Much like thin, overplucked eyebrows or squabbling furiously with your parents, acne is typically associated with our teens—existing as this rite-of-passage we endure until our hormones chill out. But acne doesn’t end in our teens for all of us. A 2007 study of acne sufferers conducted by the University of Alabama found that roughly 51% of the women and 43% of the men surveyed were aged between 20 and 29. Further to that, roughly 26% of women and 12% of men were aged between 40 and 49.
Scientifically, the only difference between adult acne and acne is that adults get adult acne. (Groundbreaking discovery, right?) But much like acne itself, scientists are at odds with each other over what the causes of adult acne actually is. The affliction, then, feels modern—and so, the first hypothesis is that it’s about what we’re eating and what we’re exposed to. A 1999 study from the UK reported that in the space of a decade, the average age of an adult with acne rose from 20.5 to 26.5. One *possible* driving factor here? Certain kinds of carbs.
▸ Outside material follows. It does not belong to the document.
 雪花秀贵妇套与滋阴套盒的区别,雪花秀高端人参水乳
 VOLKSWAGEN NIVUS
Okay so before we go ahead, a quick disclaimer: We’re not here to shame, but foods that our bodies burn up quite easily, otherwise known as foods with a higher glycemic index, have scientifically been linked with with acne. In a 2016 study, published in the Journal of the American Academy of Dermatology, researchers explored the connection between diet and acne, (think things like our dairy consumption and insulin resistance). What they found was those who ate more foods with a higher glycemic index—so refined breads, cakes and such—had greater instances of acne. Meaning, that those everything bagels we have on Sunday, or the couple slices of pizza we grab on our stumble walk home after a night out, could be showing up on our faces. The key word is could, though, because other research suggests adult acne might be related to something else: hormones.
Let’s quickly recap: That 2007 study from the University of Alabama we mentioned earlier, alongside some more recent studies, all reference how women are much more likely to develop acne than men are. And a key factor in that, at least for women, is suggested to be hormones. Using this point of gender-specific acne, a 2013 Braillian study for example found that for the majority of the women surveyed who had adult acne had higher-than-average levels of both androgen and dehydroepiandrosterone—two hormones involved in menstruation. Which, when translated from scientist, means that women are better candidates for getting acne.
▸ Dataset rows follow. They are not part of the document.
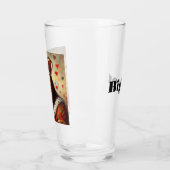 Bigfoot Queen of Hearts Glas (Links)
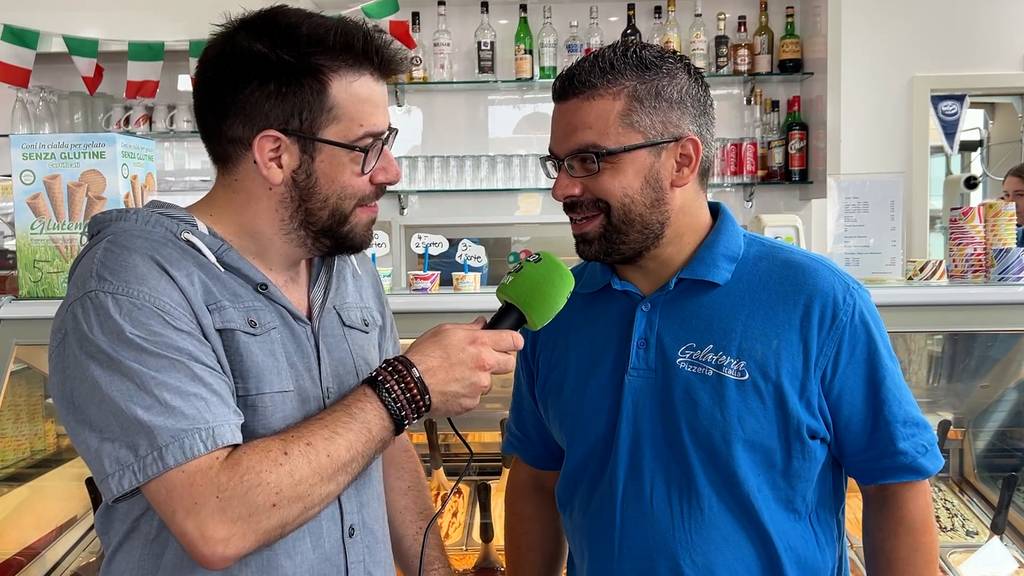 Imbach testet die beste Glace des Mittellandes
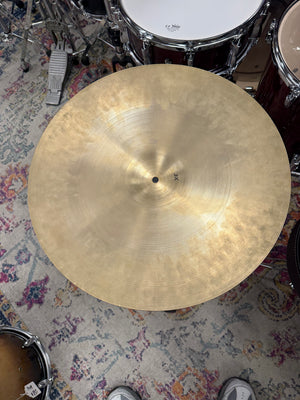 Zildjian 20” Ride Cymbal Artist Owned 2160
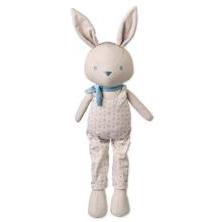 CONEJITO DE TRAPO "COTTON BUNNIES" SAGE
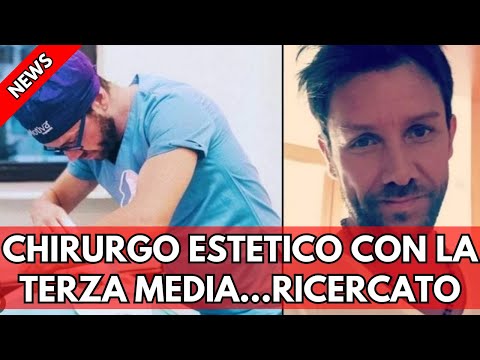 "L'Inganno Perfetto: Il Mago della Truffa Matteo Politi Chirurgo Estetico "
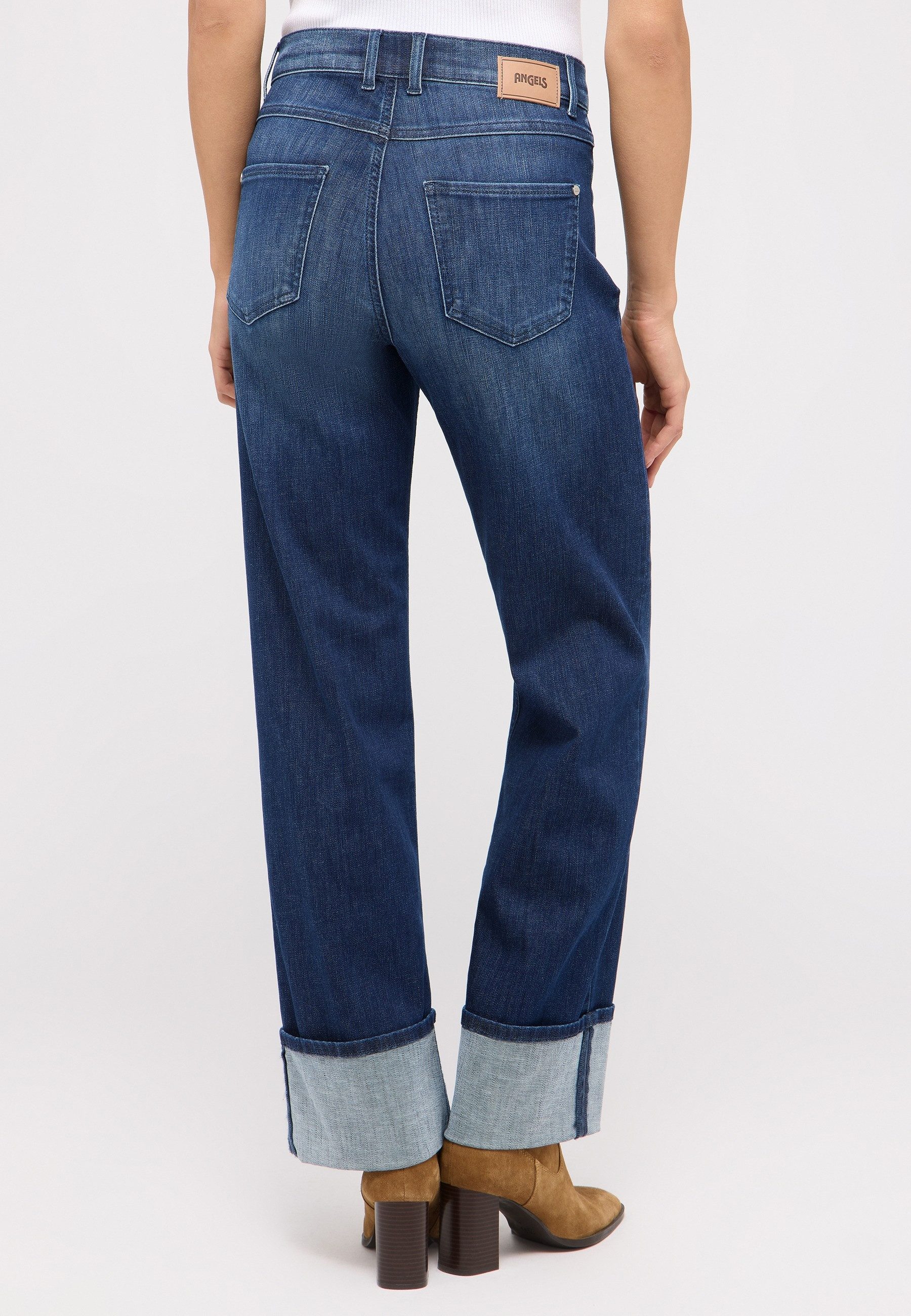 ANGELS Straight jeans LARA TU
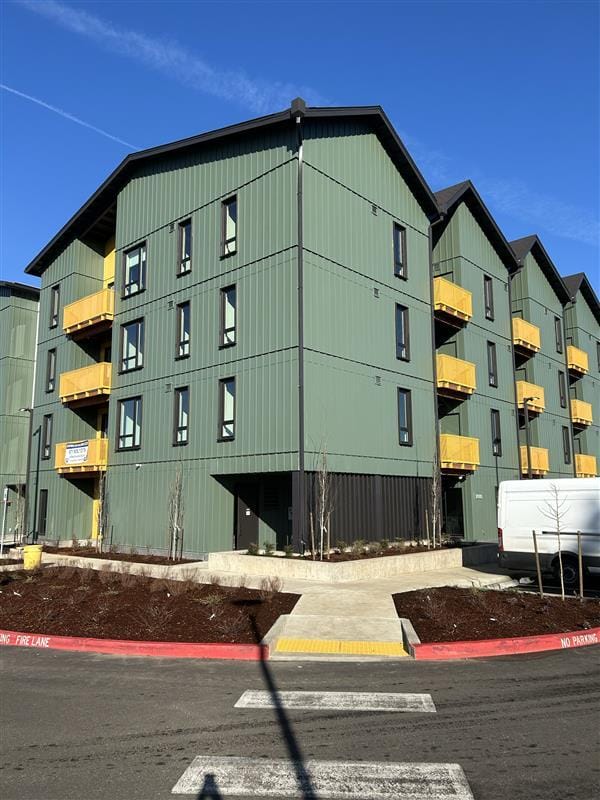 Building Landing Page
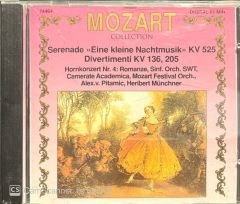 Mozart Frühe Sinfonien CD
Before anyone freaks out, it’s important to note that there are a lot of studies on what causes adult acne with other theories suggesting genes, excessive makeup or, as a 2017 study from the Nova Derm Dermatology Centre in Warsaw found, stress to be contributing factors. But while adult acne may not have one conclusive cause, the point is that it’s super common, super treatable and super normal to have. So relax, enjoy that bagel, and if anything pops up — you know who to call.